How do I connect n8n running in Docker to Ollama on the host machine?

This is a common networking issue. Inside Docker, "localhost" refers to the container itself, not the host machine. Use "host.docker.internal" as the hostname instead. In your n8n Ollama credential, set the Base URL to "http://host.docker.internal:11434" instead of "http://localhost:11434". On Linux, you may also need to add --add-host=host.docker.internal:host-gateway to your Docker run command.

How I Set Up Ollama With n8n and Brought My AI API Costs to Zero#

Q: Can I run Ollama on a VPS server without a GPU?

Yes. Ollama runs on CPU-only servers. On a Hetzner CX31 (4 vCPU, 8GB RAM, €8/month), Llama 3.1 8B runs at about 3-5 tokens per second — slow but functional for background automations.
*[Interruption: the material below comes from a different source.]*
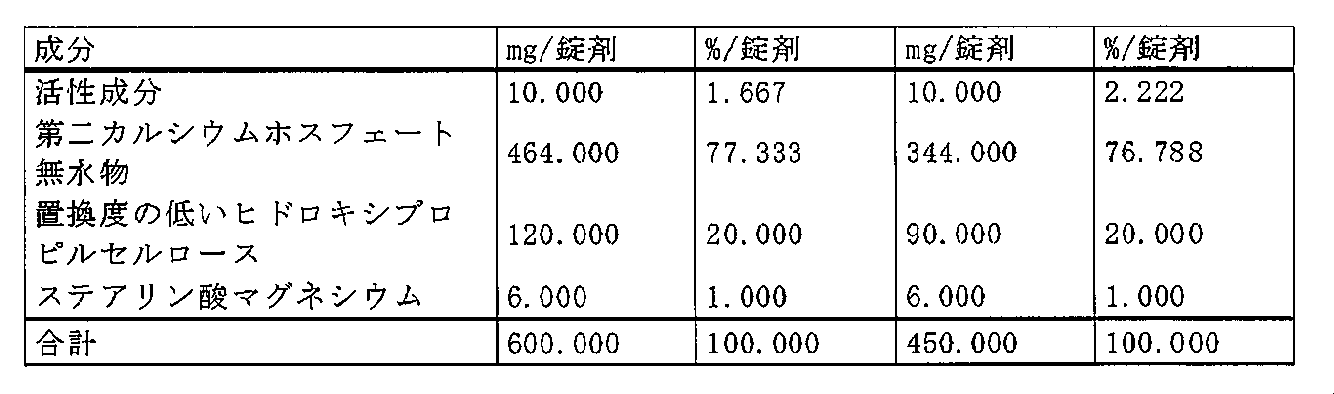 Figure 2022075826000018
For interactive workflows where speed matters, a machine with a GPU or Apple M-series chip is much better. CPU-only is fine for overnight batch jobs.

Q: Which Ollama model should I start with for n8n automation?

Start with Llama 3.1 8B (ollama pull llama3.1). It's about 4.9GB, runs on most modern computers with 16GB RAM, and handles the majority of automation tasks well. If you find it too slow, try Phi-3 Mini (2.3GB, very fast). If you find quality insufficient for specific tasks, step up to Mistral 7B or Llama 3.1 70B if your hardware supports it.

In December I opened my OpenAI billing dashboard and saw $54. Not because I'd built something impressive — because my n8n automations had been quietly calling the API thousands of times across several workflows, and the costs had crept up while I wasn't paying attention.

The automations were worth it. But $54/month purely for API calls to classify emails and summarize text felt wrong when I knew local models existed that could do the same thing.

I spent a weekend switching to Ollama. My January OpenAI bill was $0.

This post is the honest version of how that went — what worked immediately, what tripped me up, what I had to compromise on, and whether the quality difference is actually noticeable.

What I Was Using AI For in My Workflows#

Before explaining the switch, it helps to know what I was actually using OpenAI for. My n8n workflows were calling GPT-3.5-turbo for:

Email classification: Is this email urgent, routine, or can I ignore it? (200-300 tokens per email, runs 30-40 times daily)
Document type detection: Is this a contract, invoice, receipt, or proposal? (runs on every PDF I receive)
Lead scoring summaries: Given this form submission, write a 2-sentence summary and suggest a follow-up priority
Weekly report drafting: Turn a list of completed tasks into natural language paragraphs

None of these required GPT-4. I was using GPT-3.5-turbo for everything, which is cheap — but cheap multiplied by hundreds of daily calls adds up.

The math: roughly 800 API calls per day × 500 average tokens × $0.002 per 1K tokens = ~$0.80/day = ~$24/month. Add some larger calls and occasional GPT-4 tests and you land at $50-60/month.

Installing Ollama#

I have two machines I work from: a MacBook Pro M2 (32GB RAM) and a Windows desktop with an RTX 3080. I installed Ollama on both.

MacBook (Apple Silicon):

bash

# Download from ollama.com or via Homebrew
brew install ollama

# Pull models
ollama pull llama3.1
ollama pull phi3

# Start the service
ollama serve

Ollama automatically uses the Apple Neural Engine and GPU on M-series chips. Performance is excellent — Llama 3.1 8B generates around 30-40 tokens per second on M2. Fast enough to feel instantaneous in a workflow.

Windows with NVIDIA GPU: Download the installer from ollama.com. It detects your GPU automatically and uses CUDA. Same experience, similar performance.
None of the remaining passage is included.